Human Error can be a legitimate cause. Consider an all-too-common real-world scenario:
A pilot plans to make a flight from point A to point B, this pilot does not have an instrument rating (which is fancy aviation talk for "You don't have the training required to fly into a cloud and survive the experience.")
Shortly before the flight the pilot calls Flight Service and receives a weather briefing, telling the briefer they intend to make the flight VFR (fancy avaition talk for "I don't want to go through any clouds because I don't have an instrument rating.").
hey are advised that conditions are currently Marginal VFR (fancy aviation talk for "The weather is kinda lousy.") and forecast to become IFR (fancy aviation talk for "You WILL be in a goddamn cloud if you make this flight."), the briefer ends the briefing with the phrase "VFR not recommended" which is the sternest warning they can give a pilot - when the nice person on the phone tells you that they're basically saying "If you try this you will kill yourself."
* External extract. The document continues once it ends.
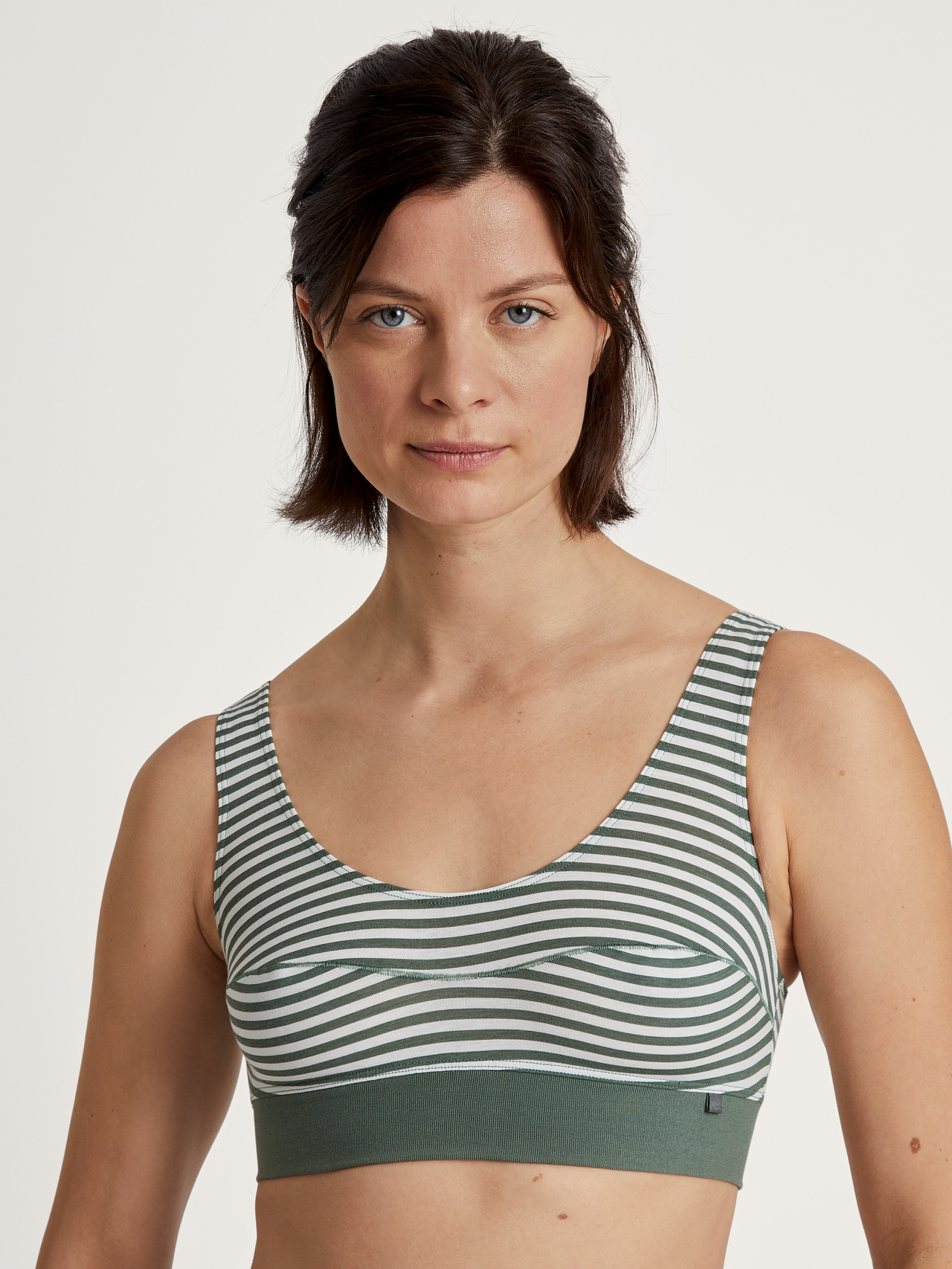 CALIDA Elastic Bustier mit Softbundfür Damen, XS, Grün, Der Bestseller, dem Frauen vertrauen – über 1Mio-mal verkauft!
The pilot makes the flight anyway. The pilot flies into a cloud, comes out of it upside down, and crashes in the middle of a field. The aircraft is destroyed and the pilot is killed.
I read NTSB reports on incidents like that all the time. They all end the same way: "The NTSB determines the probable cause of this accident to be the pilot's improper condition to continue VFR into IMC." - Human Error.
This is a correct conclusion: Inherent hazards exist in the activity being undertaken, the human had ample data and warnings about these hazards, but the human chose to ignore the data and warnings. The human cannot be physically prevented from doing a bad thing in this case any more than a chef can be prevented from stabbing themselves with their own knife: Things have been made as safe as reasonably possible.
Human error is also often used as a cop-out. Consider another all-too-common real-world scenario:
A pilot departs on a 3 hour flight, with 4 hours of fuel on board. Two hours into the flight the engine quits, the pilot attempts an emergency landing, and the aircraft is badly damaged during the attempt.
The NTSB shows up and inspects the aircraft. They find that the left fuel tank contains no fuel, and that the right fuel tank is full. The fuel tanks were not damaged or compromised in any way, and there were no fuel leaks evident from either tank. The aircraft's fuel selector was found set to the left fuel tank.
I read NTSB reports like this all the time too, they're often about the exact type of airplane I fly. They aso all end the same way: "The NTSB determines the probable cause of this accident to be the loss of engine power due to fuel starvation as a result of the pilot's fuel mismanagement." but that's a cop-out: The system is not as safe as it could be.
As pilots we know we have to switch tanks to manage fuel during flight. We make calculations of fuel burn, and we even have gauges on the instrument panel telling us how much fuel is in each tank. That's how our vintage 1960s aircraft design works, even in the PA28 aircraft being built today. The fuel system could be made safer though, redesigning itto eliminate the need to switch tanks is possible (have per-tank fuel pumps and check valves to prevent crossfeeding or starvation when one tank runs dry, or a dozen other solutions).
Instead the finger of blame is used, and the Blamestorming process points at the pilot rather than the system.
So what should I take away from all this?
That was a whole lot of words, but ultimately I really don't have any grand wisdom to impart here folks, this is all I can offer you:
- Bad things will happen.
- When a bad thing happens you should investigate it and try to find out why.
- Your investigation should be a REAL investigation, focused on improving things rather than just assigning blame.
- If you're doing all these things you're "Doing Root Cause Analysis Right"
- If you don't like the term "Root Cause Analysis" call it something else, just fucking Do It Right.